WHAT IS REQUIRED: When you return the material, keep every line exactly as it is and omit the pictures.

DATASET SECTION:
========

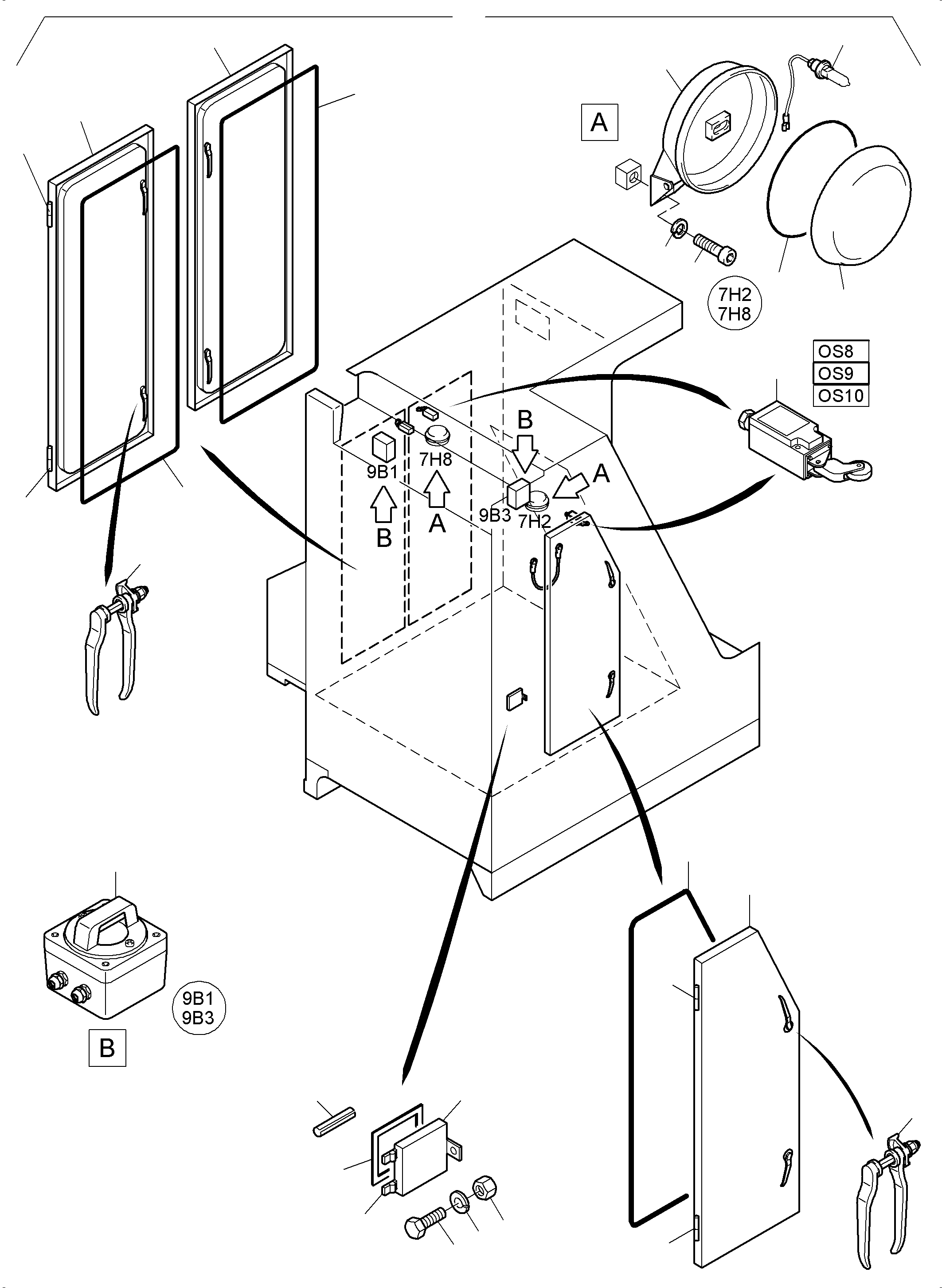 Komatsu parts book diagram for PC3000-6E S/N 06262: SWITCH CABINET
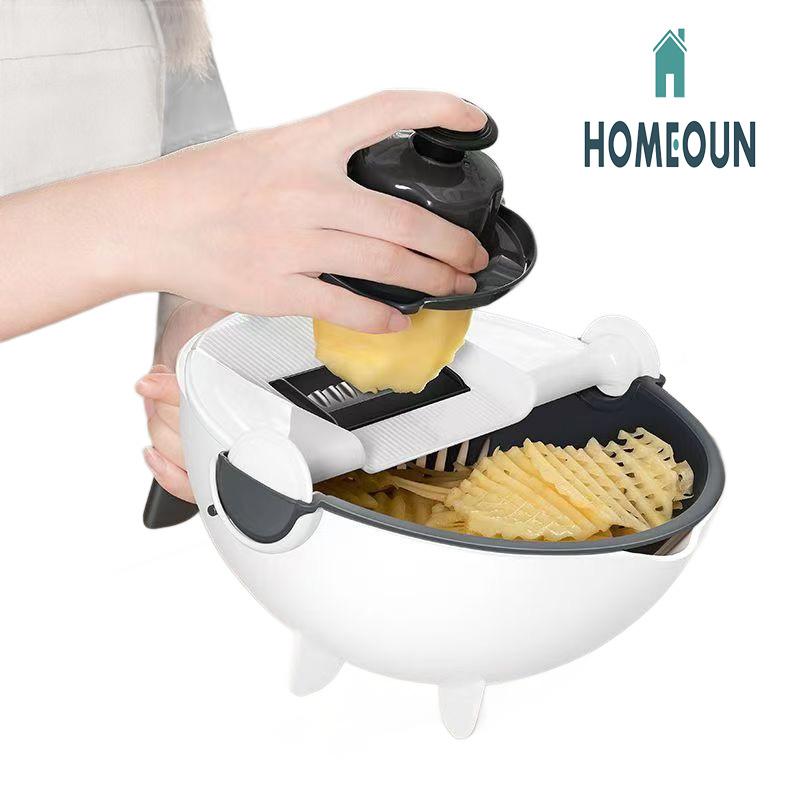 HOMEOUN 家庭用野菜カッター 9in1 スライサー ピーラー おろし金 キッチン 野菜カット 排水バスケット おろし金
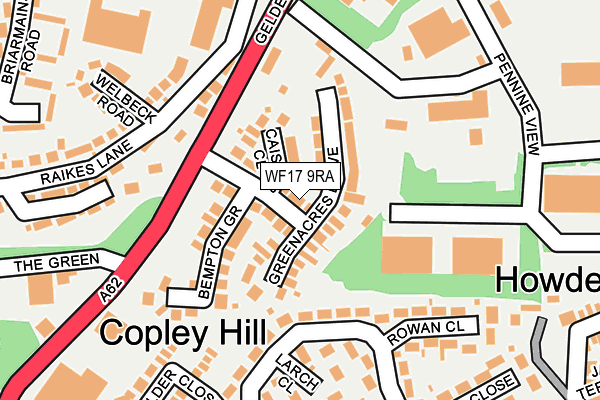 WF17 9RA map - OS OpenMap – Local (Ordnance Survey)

========

SOLVED EXERCISE:
 Komatsu parts book diagram for PC3000-6E S/N 06262: SWITCH CABINET
 HOMEOUN 家庭用野菜カッター 9in1 スライサー ピーラー おろし金 キッチン 野菜カット 排水バスケット おろし金
 WF17 9RA map - OS OpenMap – Local (Ordnance Survey)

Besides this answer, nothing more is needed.